### Work instruction
Restate word for word the lines below that run from the one holding "Tres provincias perderán" through the one holding "NAKLEJKA na samochód", inclusive. Pictures don't belong in the copy.

### Data section
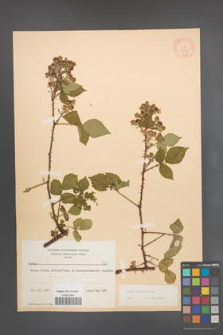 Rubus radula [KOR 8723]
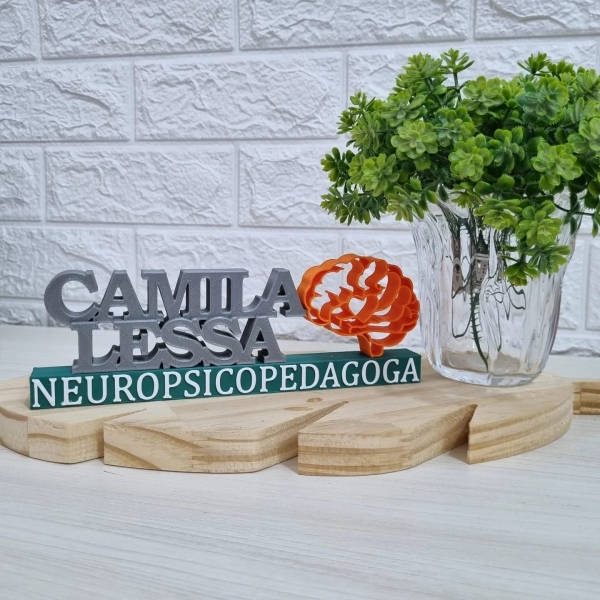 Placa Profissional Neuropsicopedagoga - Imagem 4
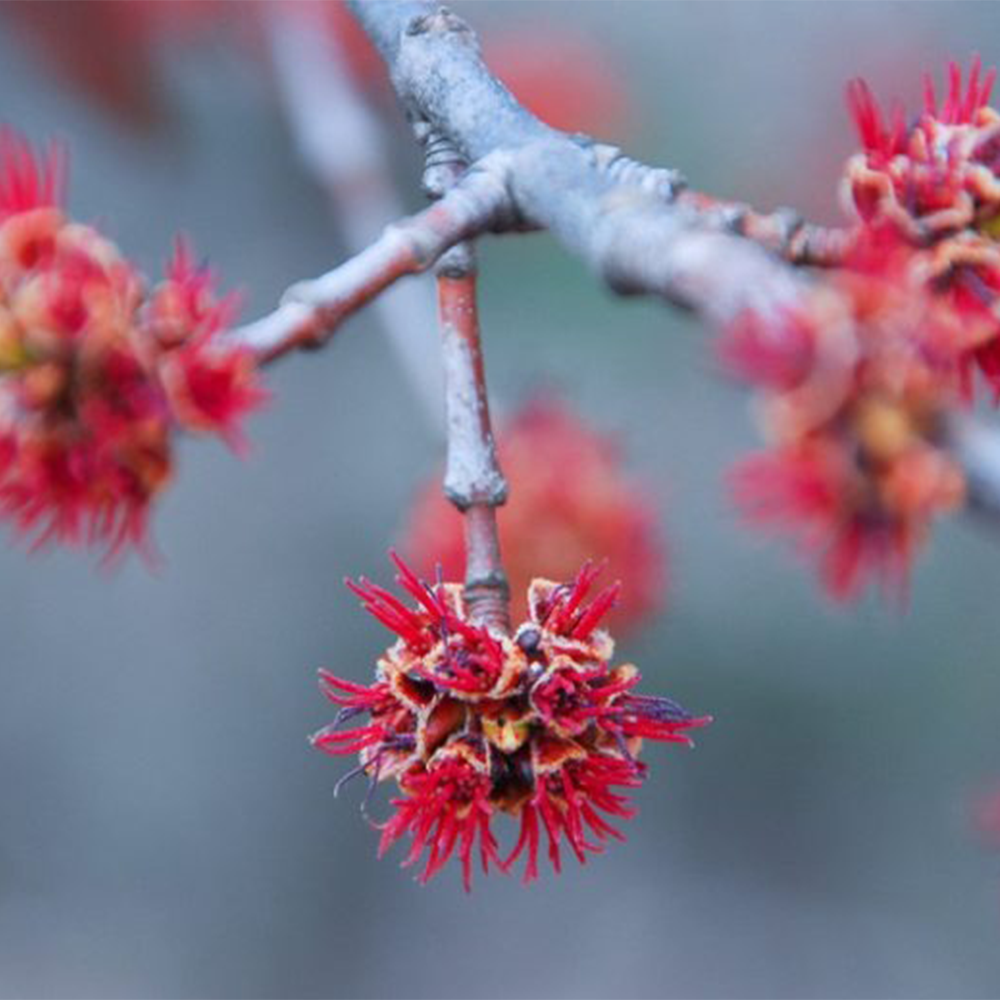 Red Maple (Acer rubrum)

...

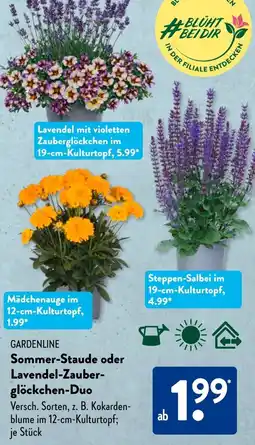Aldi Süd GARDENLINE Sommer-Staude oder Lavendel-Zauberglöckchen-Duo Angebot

---

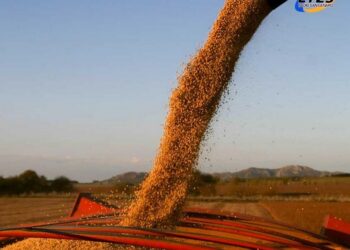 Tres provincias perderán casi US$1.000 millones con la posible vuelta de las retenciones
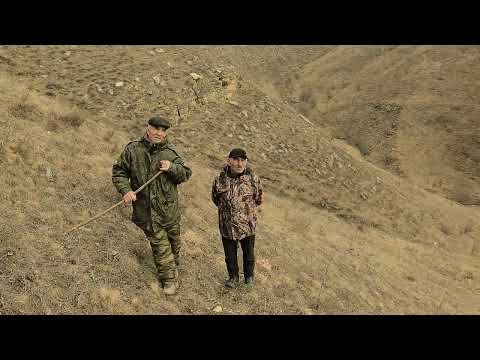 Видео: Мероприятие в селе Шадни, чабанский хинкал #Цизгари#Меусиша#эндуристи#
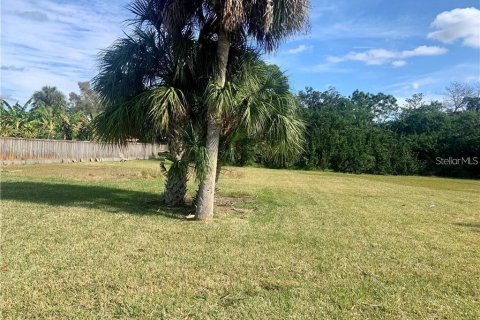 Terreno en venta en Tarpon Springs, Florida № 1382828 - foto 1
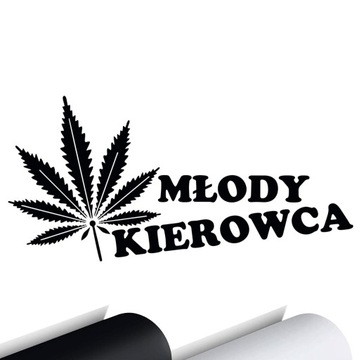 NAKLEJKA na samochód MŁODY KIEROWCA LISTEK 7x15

### Your response
 Tres provincias perderán casi US$1.000 millones con la posible vuelta de las retenciones
 Видео: Мероприятие в селе Шадни, чабанский хинкал #Цизгари#Меусиша#эндуристи#
 Terreno en venta en Tarpon Springs, Florida № 1382828 - foto 1
 NAKLEJKA na samochód MŁODY KIEROWCA LISTEK 7x15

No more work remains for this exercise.